START Material provided
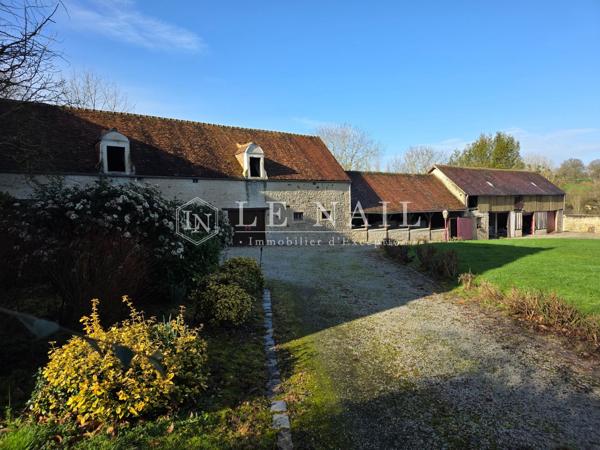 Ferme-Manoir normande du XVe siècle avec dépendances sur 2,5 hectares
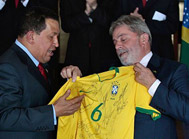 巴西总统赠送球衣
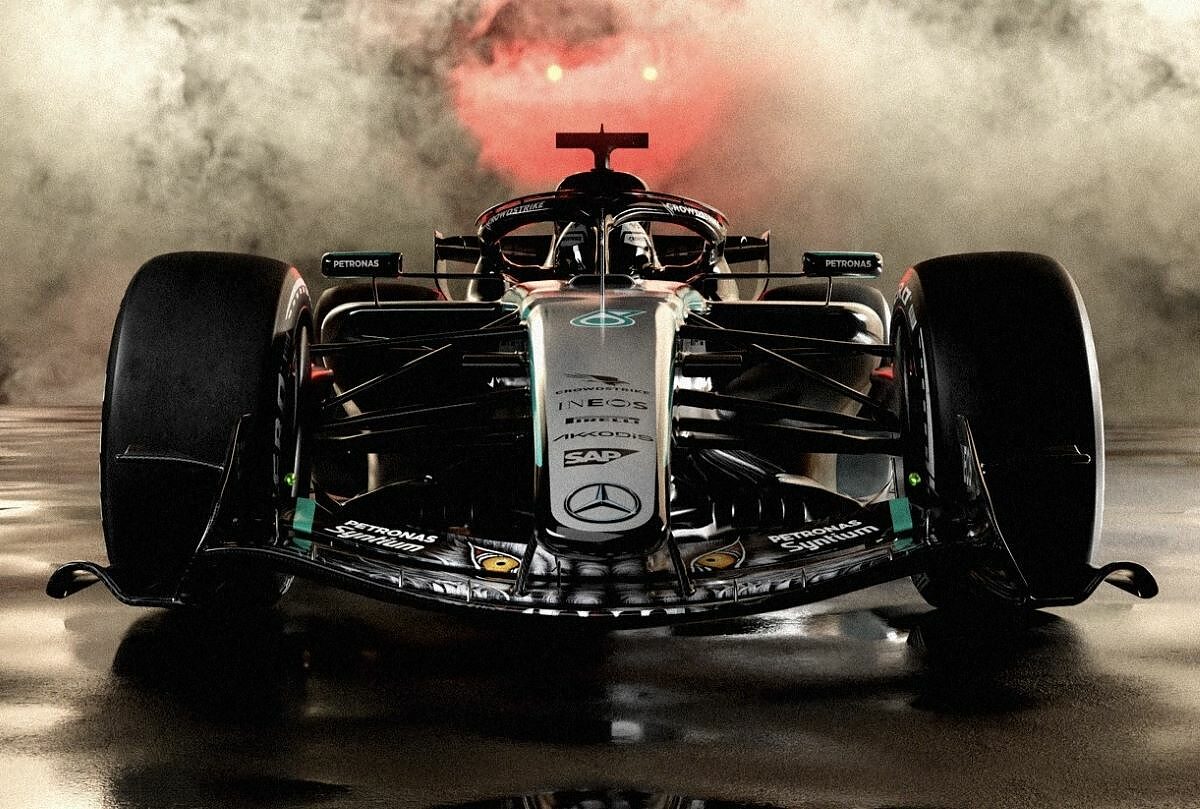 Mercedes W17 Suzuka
END Material provided
START Material provided
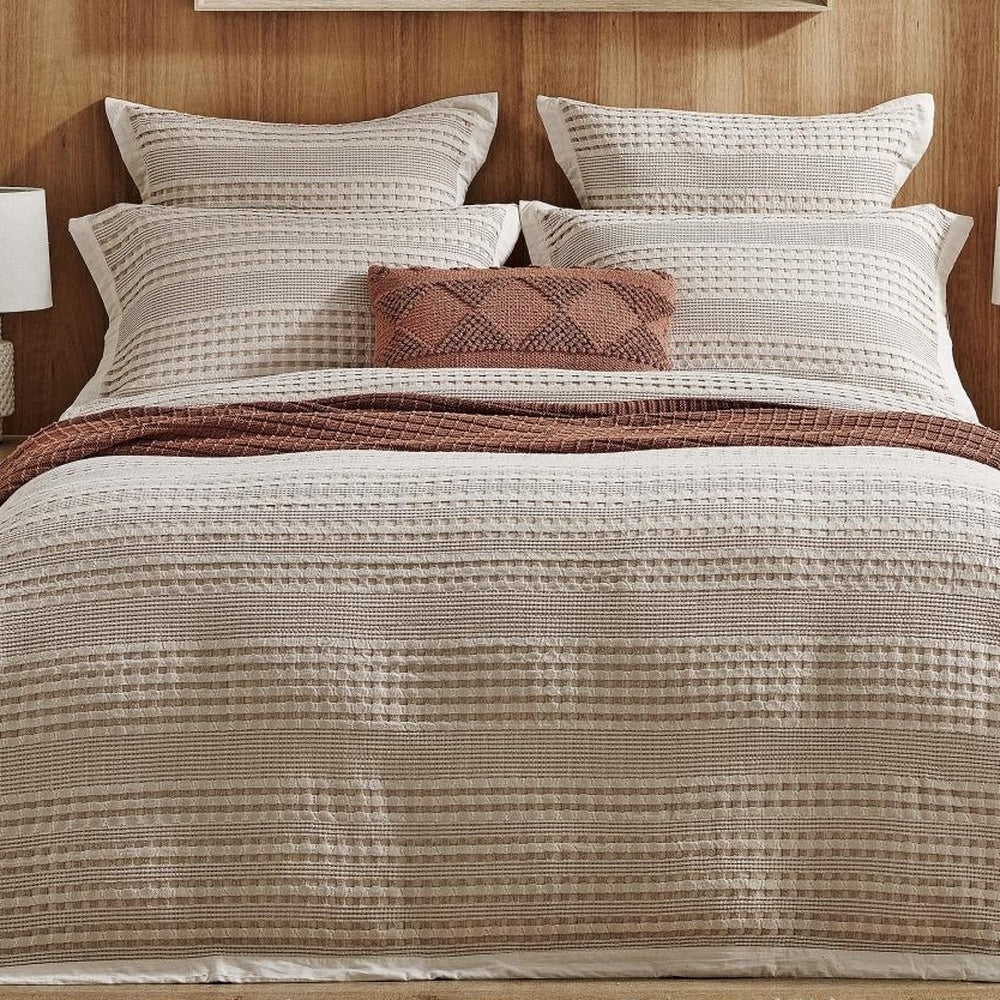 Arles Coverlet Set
END Material provided
START Material provided
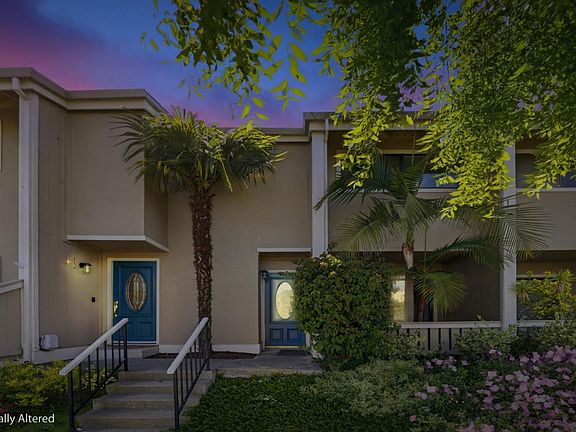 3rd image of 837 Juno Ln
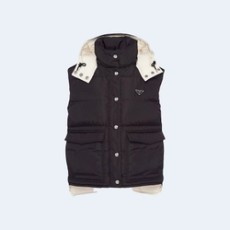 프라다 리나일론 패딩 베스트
END Material provided
What this task involves:
Going by the entries above, repeat exactly the lines that start at the line with "Ferme-Manoir normande du" and go on through the line with "Mercedes W17 Suzuka". Pictures are not part of the copy.

Exercise response:
 Ferme-Manoir normande du XVe siècle avec dépendances sur 2,5 hectares
 巴西总统赠送球衣
 Mercedes W17 Suzuka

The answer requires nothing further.